_Required work_
From the first line to the last, copy the material word for word; pictures stay out.

_Stored data_
[Start of Attachment]
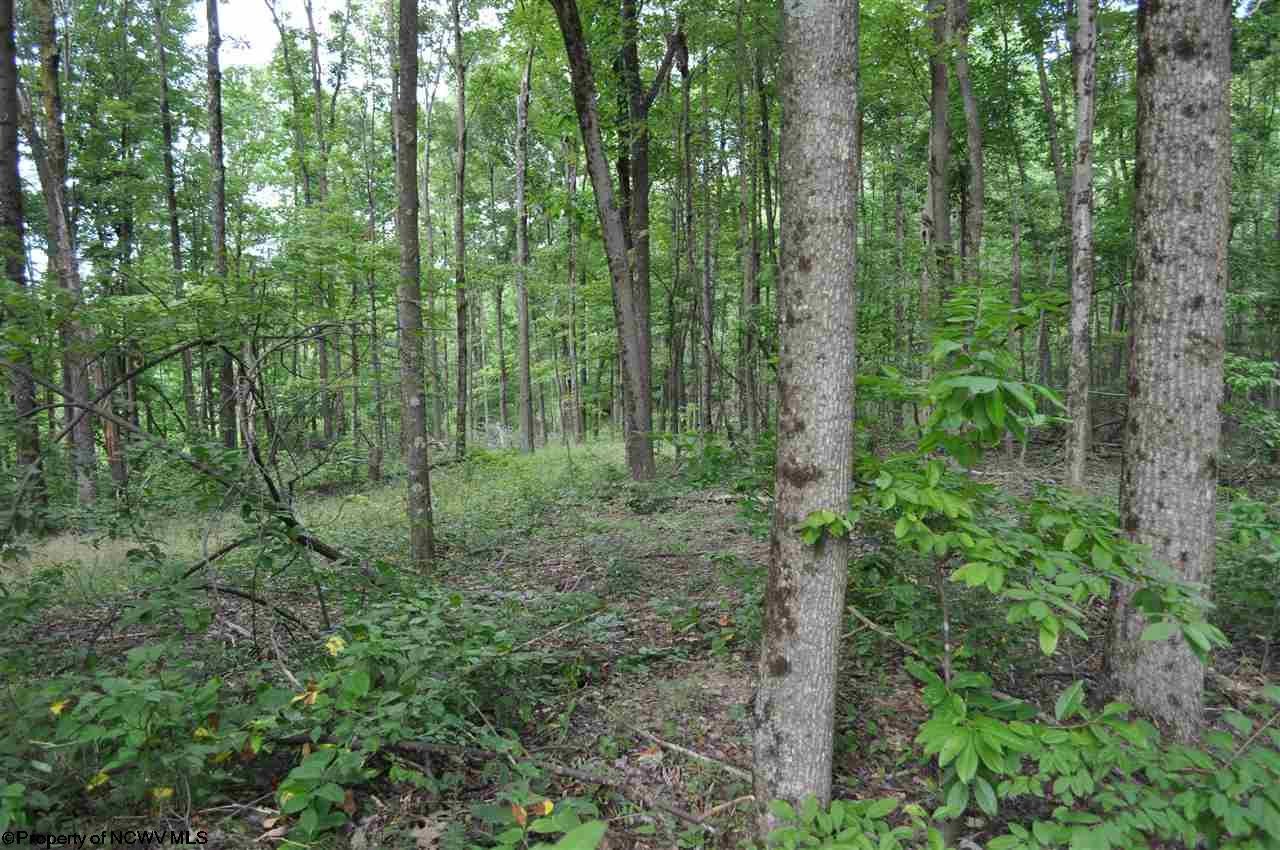 575 Fairview Road Independence, WV 26374 - Photo 9 of 20 Gallery Image 9
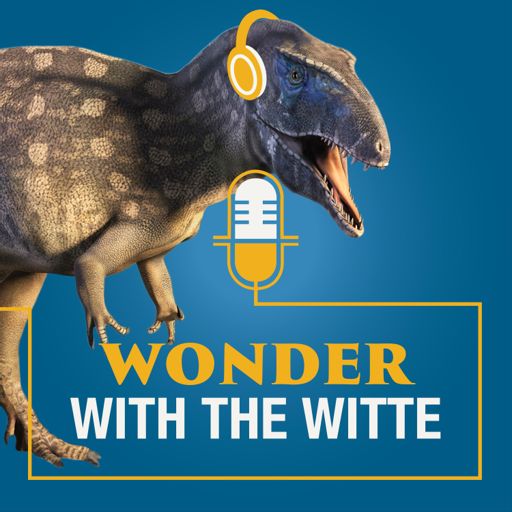 Cover art for podcast Wonder with the Witte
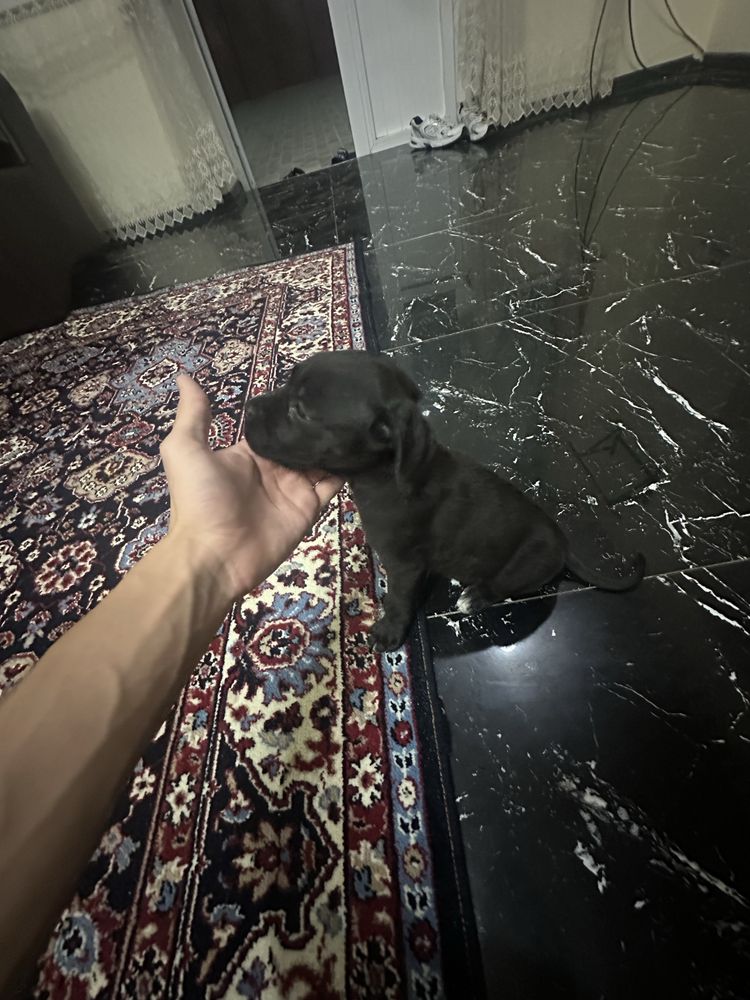 Pitbull sotilad 1yarim oylik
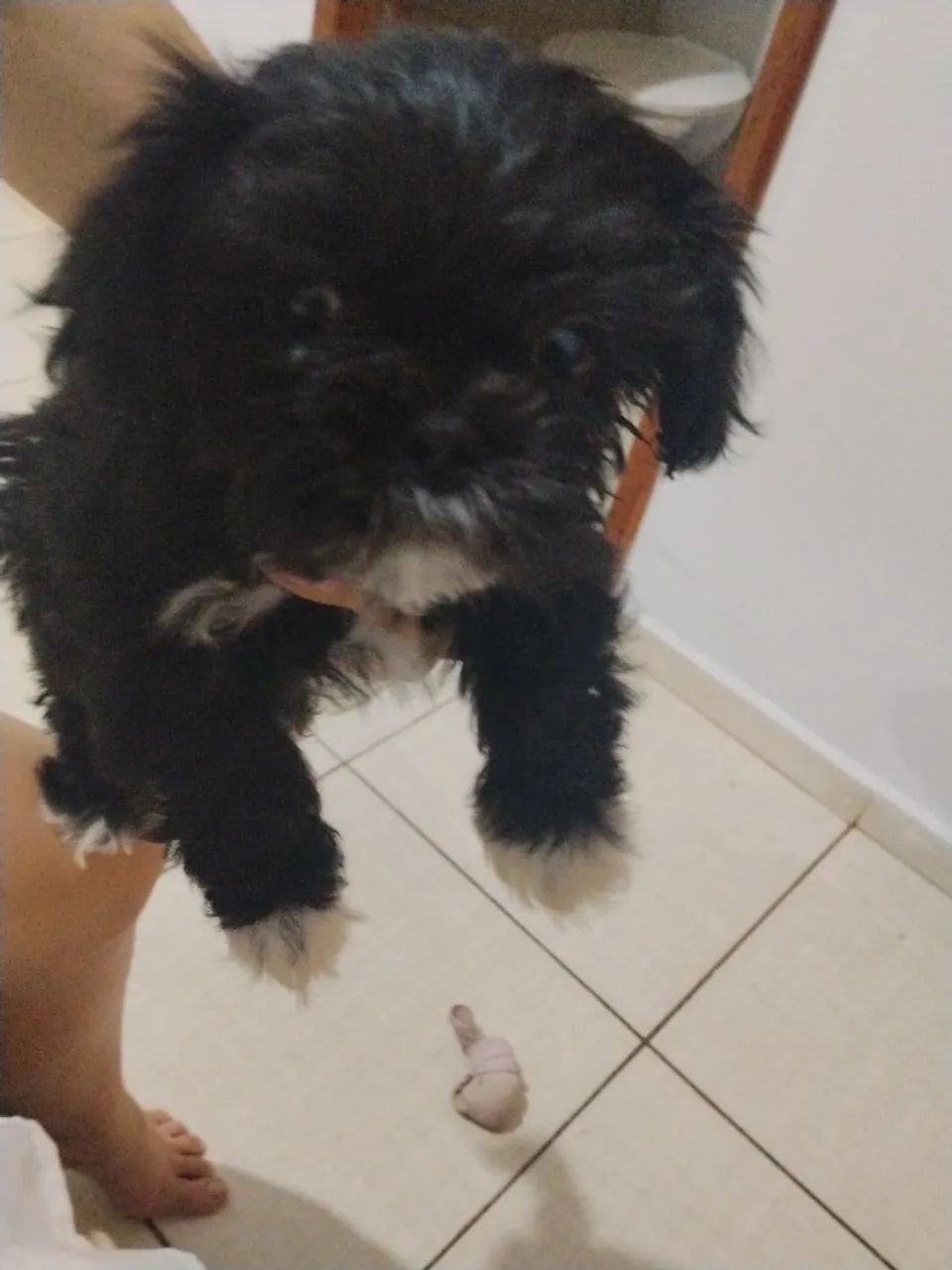 Cachorro - Shitzu  - Foto 3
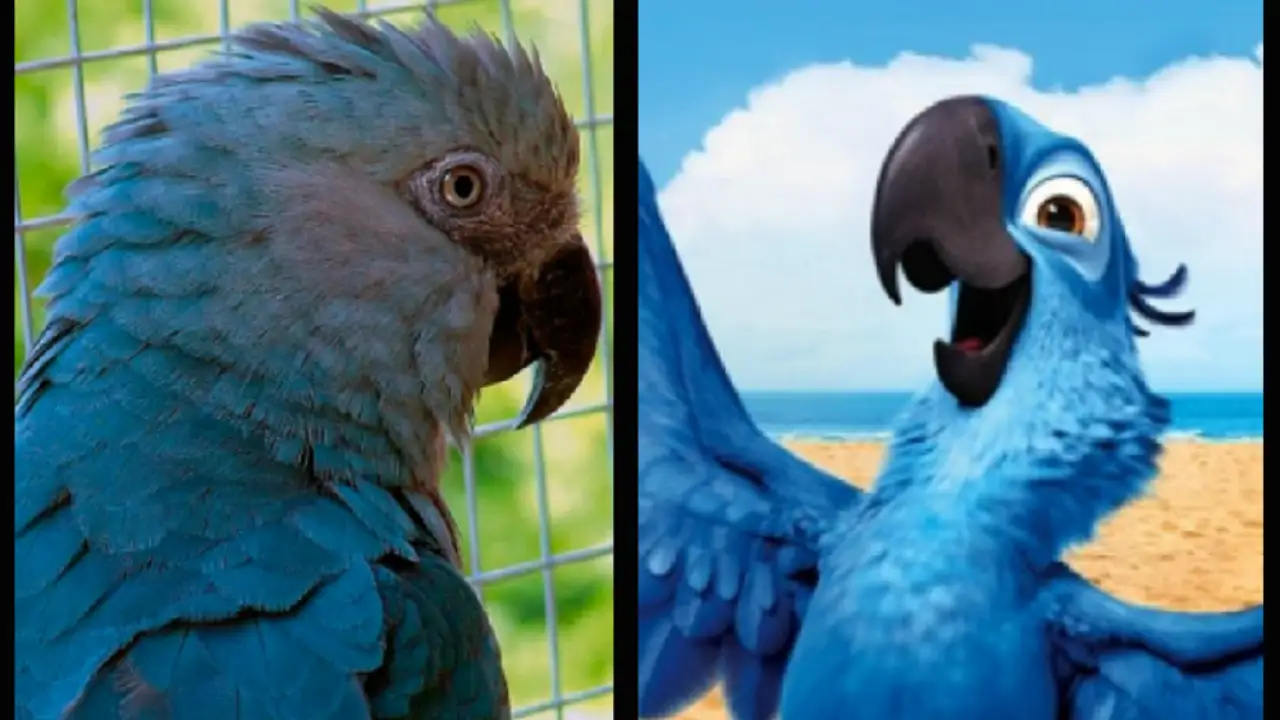 El guacamayo de Spix real y el de la película 'Rio' El guacamayo de Spix real y el de la película 'Rio'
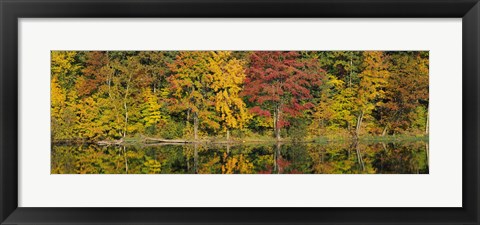 Framed Reflection of trees in water, Saratoga Springs, New York City, New York State, USA Print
[End of Attachment]
_Result of the task_
 575 Fairview Road Independence, WV 26374 - Photo 9 of 20 Gallery Image 9
 Cover art for podcast Wonder with the Witte
 Pitbull sotilad 1yarim oylik
 Cachorro - Shitzu  - Foto 3
 El guacamayo de Spix real y el de la película 'Rio' El guacamayo de Spix real y el de la película 'Rio'
 Framed Reflection of trees in water, Saratoga Springs, New York City, New York State, USA Print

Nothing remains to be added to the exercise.